Pedro de Azagra negó con la cabeza. De nuevo Álvar. Una y otra vez. Como una obsesión. Como una señal, esa sí. Verdadera señal de otro tiempo que ahora Mardánish se empeñaba en recuperar tejiendo una malla de falsas esperanzas.

—Ibn Miqdam necesitará que refuerces pronto la guarnición de Almería, o los almohades la reconquistarán.

—¡No, amigo Pedro! ¡No será necesario! He mandado correos a Castilla, ¿sabes? Van a entrevistarse con el joven Alfonso. —Mardánish se volvió un momento para buscar su copa, pero vio que ahora estaba junto al cuerpo desnudo y sudoroso de la flautista cordobesa. La muchacha ya tenía encima al tagrí consciente y había dejado de disimular. Cerraba los ojos y clavaba las uñas en la madera de la mesa mientras recibía con espasmos los empujones del guerrero de la Marca. El otro tagrí, dormido, yacía a su lado desnudo y en una posición ridícula. Mardánish rio con ganas y alargó la mano para recoger la copa, pero se detuvo a medio movimiento y volvió a prestar atención a Pedro de Azagra—. Cuando el rey de Castilla sepa de mi regalo, mandará enseguida una hueste para proteger Almería. Otra vez, amigo mío. Juntos, como antaño. Nuestros estandartes, unidos, enfrentados a esos africanos… ¡Guerra perpetua a los almohades!
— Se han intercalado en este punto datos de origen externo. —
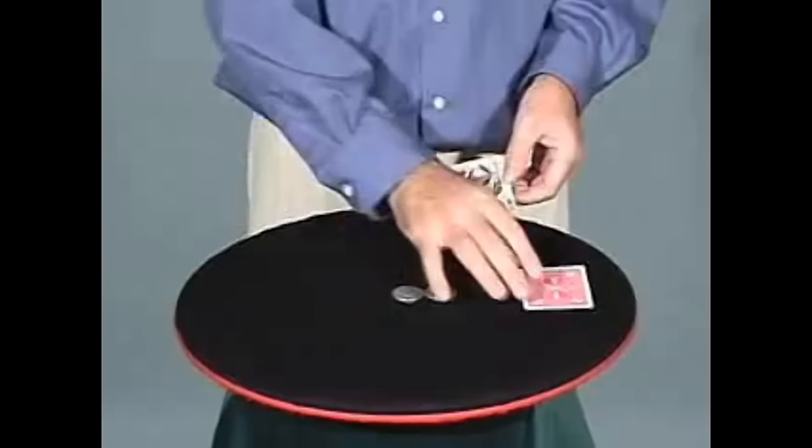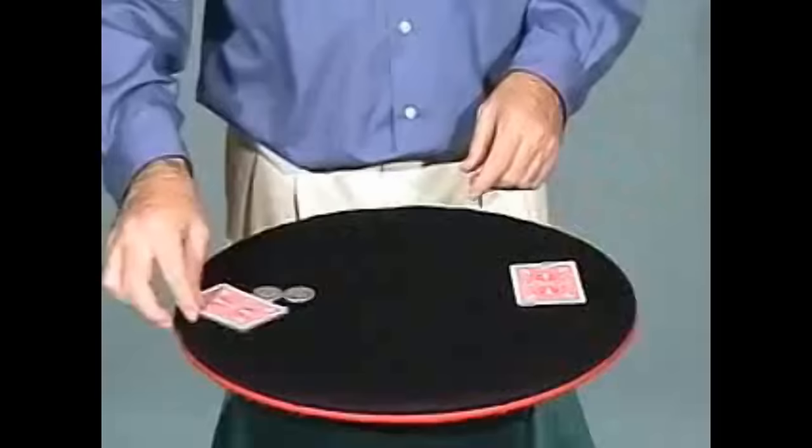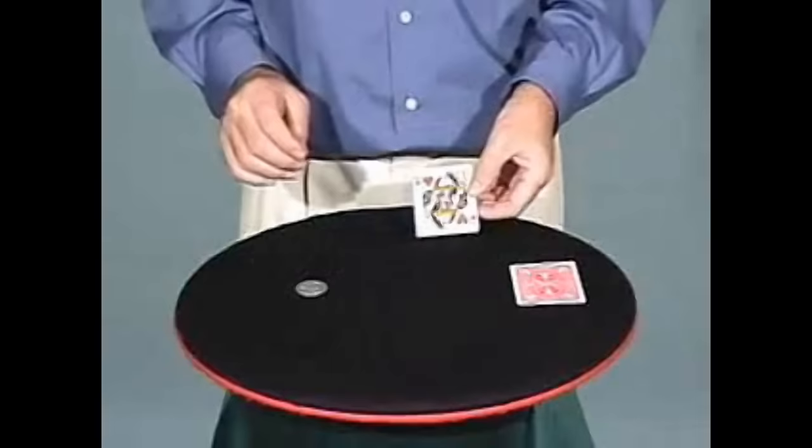It's over here. I'll do that again. I'll move the coins even further apart this time. One here. Two here. Watch. It's gone. And there's the second coin.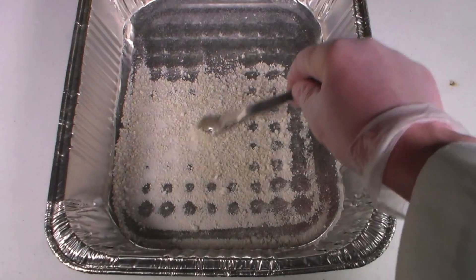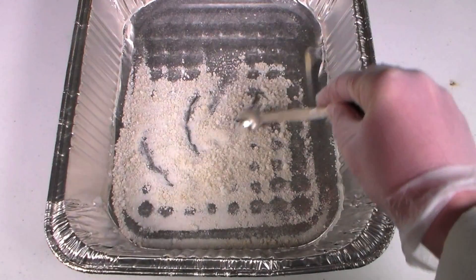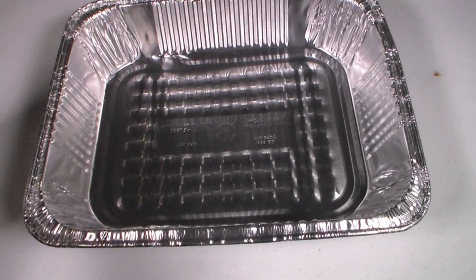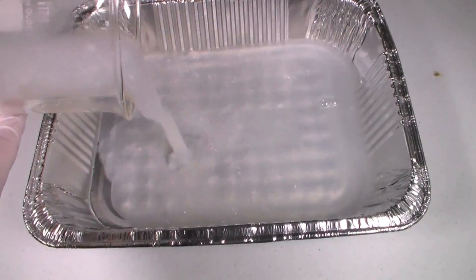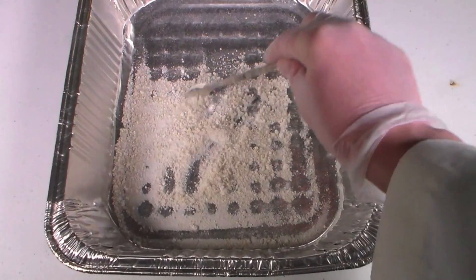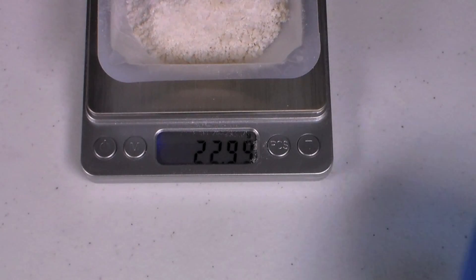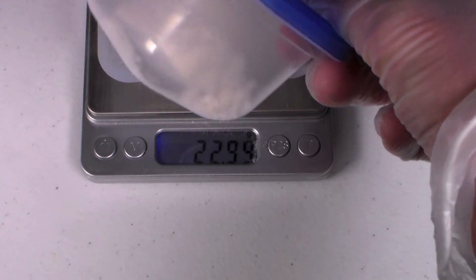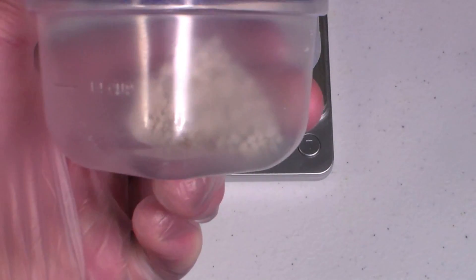Since the theoretical yield of aluminum oxide is only 10 grams, something went wrong. Either this is a hydrated form of aluminum oxide, meaning it contains water, or it is extremely impure. Either way, it probably won't work very well for the dehydration of ethanol. Fortunately, I have already tested the 5 gram sample of aluminum oxide and confirmed that it works for the dehydration of ethanol.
El navarro asintió para no desairar al rey Lobo.

—Bien. De acuerdo. Todo volverá a ser como antes. Algún día, sí. Pero ahora no descuides tus deberes. Abú Hafs y Utmán avanzan. Recuerda las últimas noticias. Pronto saldrán de Sevilla y remontarán el río. Manda más mensajeros, pero mándalos a tu suegro. Debemos prepararnos. Hemos de cortar el paso a nuestros enemigos. —Ahora fue Azagra quien puso ambas manos sobre los hombros de Mardánish y lo miró fijamente, anhelante por atraer su cordura—. Solo eso. Haz eso por mí.

El rey Lobo se abrazó con fuerza al cristiano y palmeó su espalda.

—Claro que sí, amigo mío —dijo con su acento etílico—. Haré cualquier cosa por ti. Mañana mandaré mensajeros a Jaén. Mañana. Pero ahora bebamos. ¡Bebamos! —Y se separó del navarro para buscar un odre con el que rellenar su copa vacía.

Pedro de Azagra lo siguió con la vista hasta que las danzarinas negras volvieron a enlazarse al rey y este recorrió sus cuerpos con manos ávidas. El cristiano suspiró y se alegró de que Hilal no hubiera sido invitado a la fiesta. Se retiró con discreción, rumiando enviar él mismo a esos mensajeros que debían alertar a Hamusk.